## WHAT YOU WILL DO:
Pictures stay out, but every line of the data is copied exactly.

## STORED DATA:
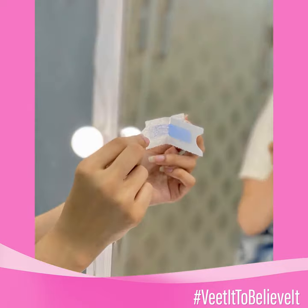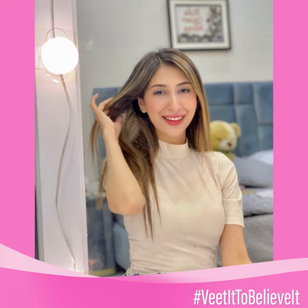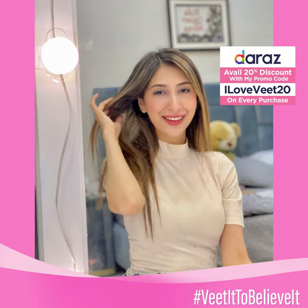Peel the wax strips first, apply in the hair growth direction and then pull the hair in the opposite direction. That's it! In just 3 easy steps, I have pardar smooth finish at home. Try it for yourself.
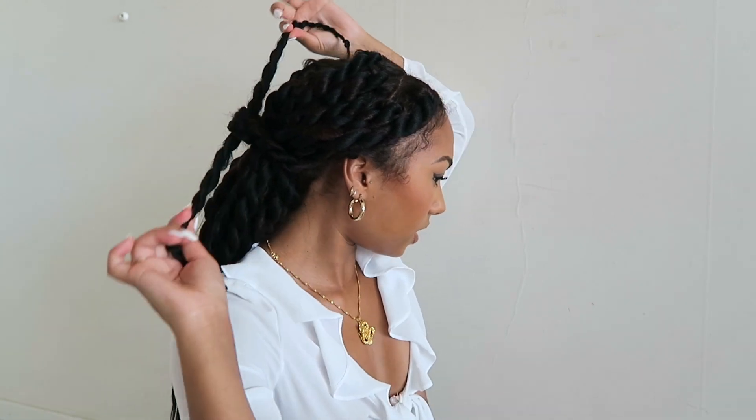Now for the next one, I just like to take these two pieces down here and literally tie them up and have these pieces hang like a curtain. I just tie this double, and then I have this low, cute, messy ponytail type of situation with this classic situation in the front. I love it — it's just so easy and fast.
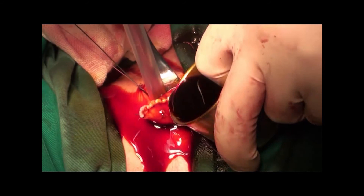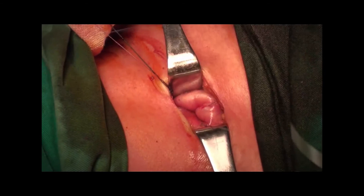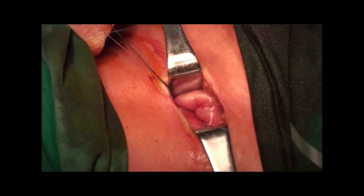Continuous 4-0 suture was used to reinforce the cutting edge. Disinfection was performed. The redundant gastric conduit was embedded into the gastric conduit cavity using forceps and fingers. A gastric wrap was created to prevent acid reflux.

## ANSWER TO THIS EXERCISE:
Peel the wax strips first, apply in the hair growth direction and then pull the hair in the opposite direction. That's it! In just 3 easy steps, I have pardar smooth finish at home. Try it for yourself.
Now for the next one, I just like to take these two pieces down here and literally tie them up and have these pieces hang like a curtain. I just tie this double, and then I have this low, cute, messy ponytail type of situation with this classic situation in the front. I love it — it's just so easy and fast.
Continuous 4-0 suture was used to reinforce the cutting edge. Disinfection was performed. The redundant gastric conduit was embedded into the gastric conduit cavity using forceps and fingers. A gastric wrap was created to prevent acid reflux.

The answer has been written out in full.